• WORK INSTRUCTIONS
The complete listing goes into the output exactly, without its pictures.

• INFORMATION PROVIDED

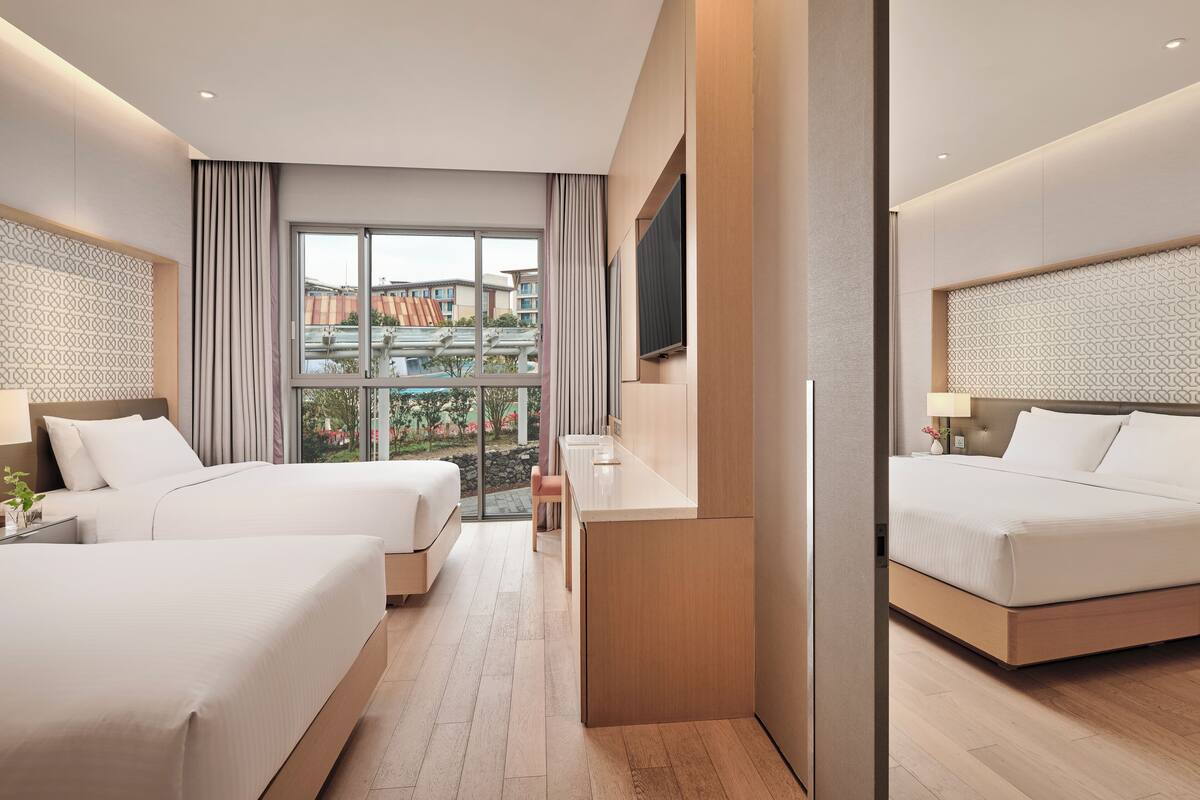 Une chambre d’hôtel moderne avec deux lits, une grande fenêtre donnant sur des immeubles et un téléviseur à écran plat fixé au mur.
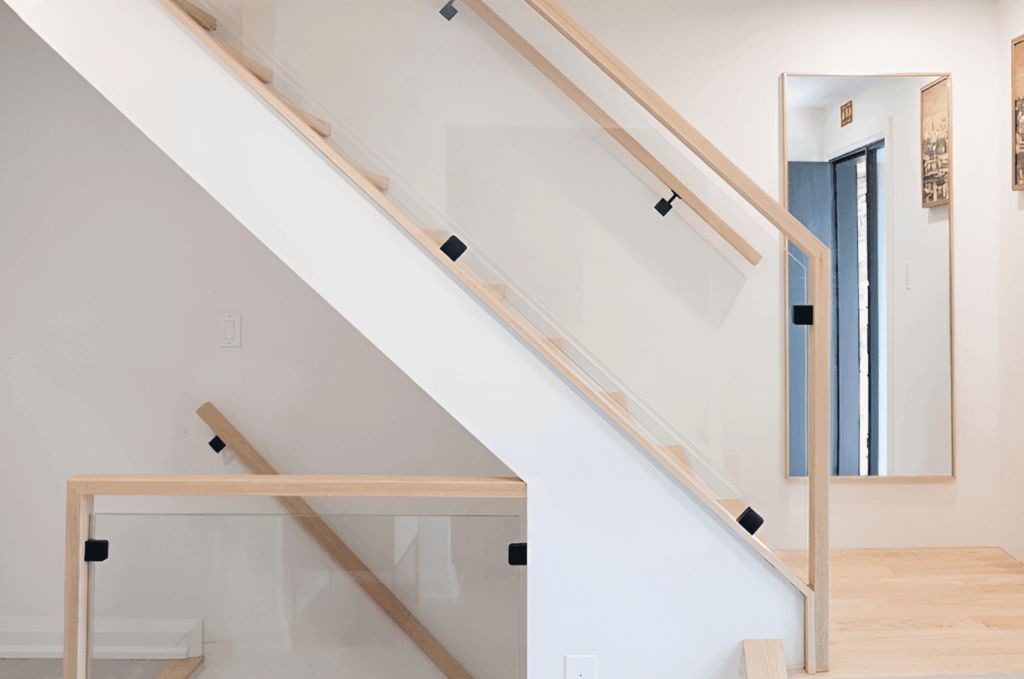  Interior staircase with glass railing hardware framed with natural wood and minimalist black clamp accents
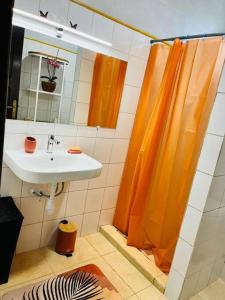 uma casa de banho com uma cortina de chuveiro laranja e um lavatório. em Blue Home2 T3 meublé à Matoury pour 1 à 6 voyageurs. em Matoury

• SOLUTION TO THE PROBLEM
 Une chambre d’hôtel moderne avec deux lits, une grande fenêtre donnant sur des immeubles et un téléviseur à écran plat fixé au mur.
  Interior staircase with glass railing hardware framed with natural wood and minimalist black clamp accents
 uma casa de banho com uma cortina de chuveiro laranja e um lavatório. em Blue Home2 T3 meublé à Matoury pour 1 à 6 voyageurs. em Matoury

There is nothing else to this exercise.